Print only the lines from the one with "Universal TV Remote Smart TV screenshot 4" through the end of the data, exactly, and please omit pictures.

__RAW DATA__:

++++++++

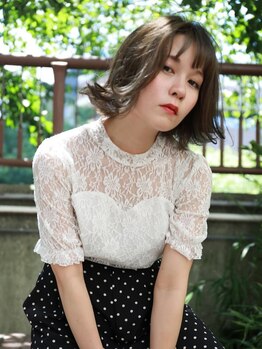 ナイン (Nine9)の写真/【カット+シーディルカラー+前処理TR付¥8400】丁寧なカウンセリングで、あなたに似合う色味をご提案◎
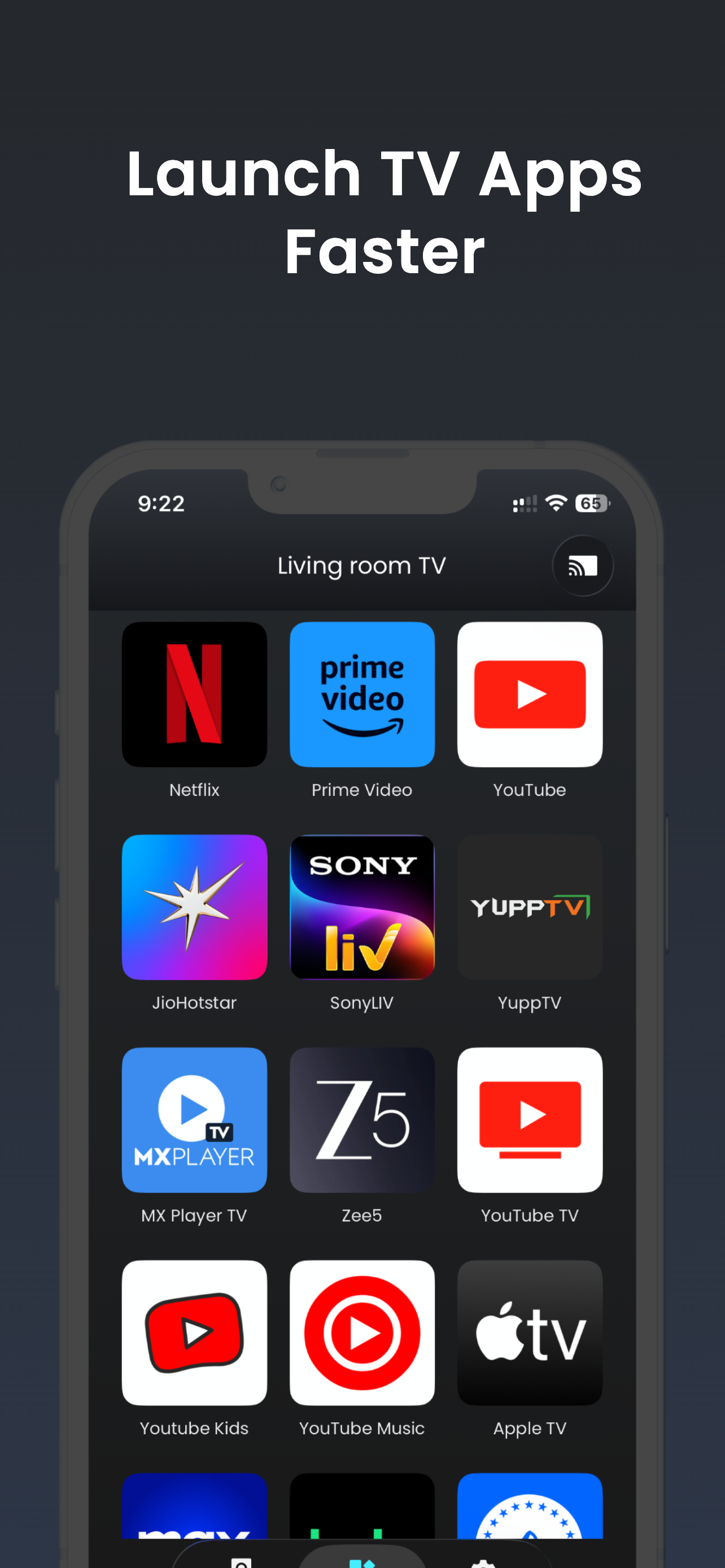 Universal TV Remote Smart TV screenshot 4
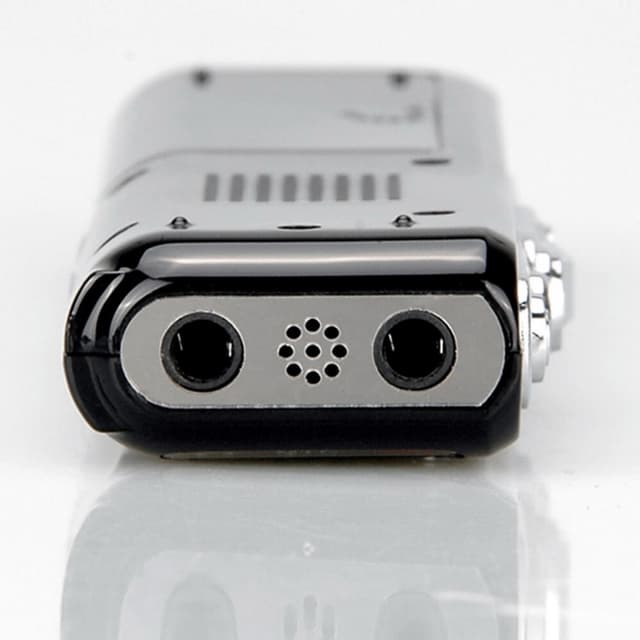 R10 8GB USB LCD-skærm Digital lyd Stemmeoptager Diktafon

++++++++

__ANSWER SPACE__:
 Universal TV Remote Smart TV screenshot 4
 R10 8GB USB LCD-skærm Digital lyd Stemmeoptager Diktafon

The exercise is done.